Israël annonce la fermeture du consulat britannique à Jérusalem
Le ministre israélien des affaires étrangères Gidéon Saar a annoncé mardi la fermeture du consulat du Royaume-Uni à Jérusalem.
Photo: KEYSTONE/EPA/ABIR SULTANLe chef de la diplomatie israélienne a annoncé mardi la fermeture du consulat britannique à Jérusalem. Cette déclaration fait suite à l'annonce de sanctions contre les colonies israéliennes en Cisjordanie par Londres et d'autres pays occidentaux.
Cette mesure marque une dégradation spectaculaire des relations entre Israël et le Royaume-Uni, dans un contexte de tensions croissantes avec les pays occidentaux face à la multiplication des colonies et des violences en Cisjordanie occupée.
Elle intervient quelques heures après que 12 pays, dont le Royaume-Uni et la France, ont annoncé leur intention de sanctionner le commerce avec les colonies.
Qualifiant les critiques britanniques de 'scandaleuses' lors d'une conférence de presse, le ministre israélien des affaires étrangères Gidéon Saar a annoncé la fermeture du consulat du Royaume-Uni à Jérusalem, ajoutant que cette mesure avait reçu l'aval du Premier ministre Benjamin Netanyahu.
Le consulat britannique est situé à Jérusalem-Est, partie du territoire historiquement palestinien dont Israël a pris le contrôle lors de la guerre des Six Jours en 1967.
Israël considère Jérusalem comme sa capitale indivisible, une position qui n'est pas reconnue par la communauté internationale, à l'exception d'une poignée de pays, dont les Etats-Unis.
'La Jérusalem unifiée est la capitale d'Israël et se trouve sous sa pleine souveraineté', a dit M. Saar. 'Toute activité étrangère dans cette zone doit s'effectuer par les voies établies et convenues, sans porter atteinte à la souveraineté d'Israël', a-t-il assuré.

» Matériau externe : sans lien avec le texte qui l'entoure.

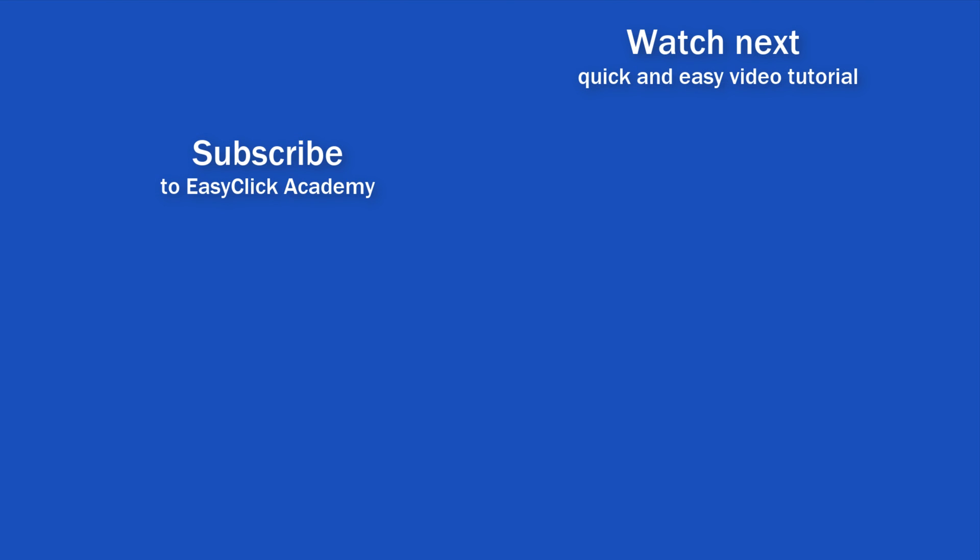If you found this tutorial helpful, give us a like and watch another video tutorial by EasyClick Academy. Learn how to use Excel in a quick and easy way. Is this your first time on EasyClick? We'll be more than happy to welcome you in our online community. Hit that subscribe button and join the EasyClickers. Thanks for watching, and I'll see you in the next video.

Onze députés britanniques interdits d'entrer en Israël
Par ailleurs, 11 députés britanniques jugés 'antisémites' ou 'anti-Israël', dont l'ancien dirigeant du Parti travailliste Jeremy Corbyn, ainsi qu'un avocat ayant représenté le mouvement islamiste Hamas, ont été frappés d'une interdiction d'entrer en Israël.
En outre, des représentants britanniques travaillant au centre de coordination international chargé de superviser le cessez-le-feu dans la bande de Gaza seront expulsés, a annoncé M. Saar, sans toutefois dire combien de personnes étaient concernées.
'Les accusations portées aujourd'hui par le ministre britannique des Affaires étrangères devant le Parlement britannique sont des mensonges scandaleux', a déclaré M. Saar, après que son homologue britannique Ed Miliband eut accusé le gouvernement israélien de fermer les yeux sur le 'nettoyage ethnique en cours en Cisjordanie' selon lui.
'Cette initiative britannique est moralement biaisée et constitue une ingérence flagrante dans les affaires d'un Etat souverain, ainsi que dans son processus électoral', a affirmé M. Saar, en référence aux élections législatives très disputées du 27 octobre en Israël.
Seul le Royaume-Uni concerné pour l'instant
Les contre-mesures annoncées mardi visent uniquement le Royaume-Uni et pas les autres pays ayant annoncé leur intention de sanctionner le commerce avec les colonies israéliennes, une décision que M. Saar a justifiée en affirmant que Londres avait 'initié et mené ce mouvement'.
'Mais nous prendrons également des contre-mesures contre tout autre pays qui agit ou agira contre Israël', a assuré le ministre israélien.
Dans une déclaration conjointe, les douze pays occidentaux ont annoncé leur intention de sanctionner le commerce avec les colonies israéliennes, affirmant que les violences de colons 'ont atteint des niveaux sans précédent' et jugeant que 'les actions menées par le gouvernement israélien en Cisjordanie compromettent la possibilité d'une solution à deux Etats', israélien et palestinien.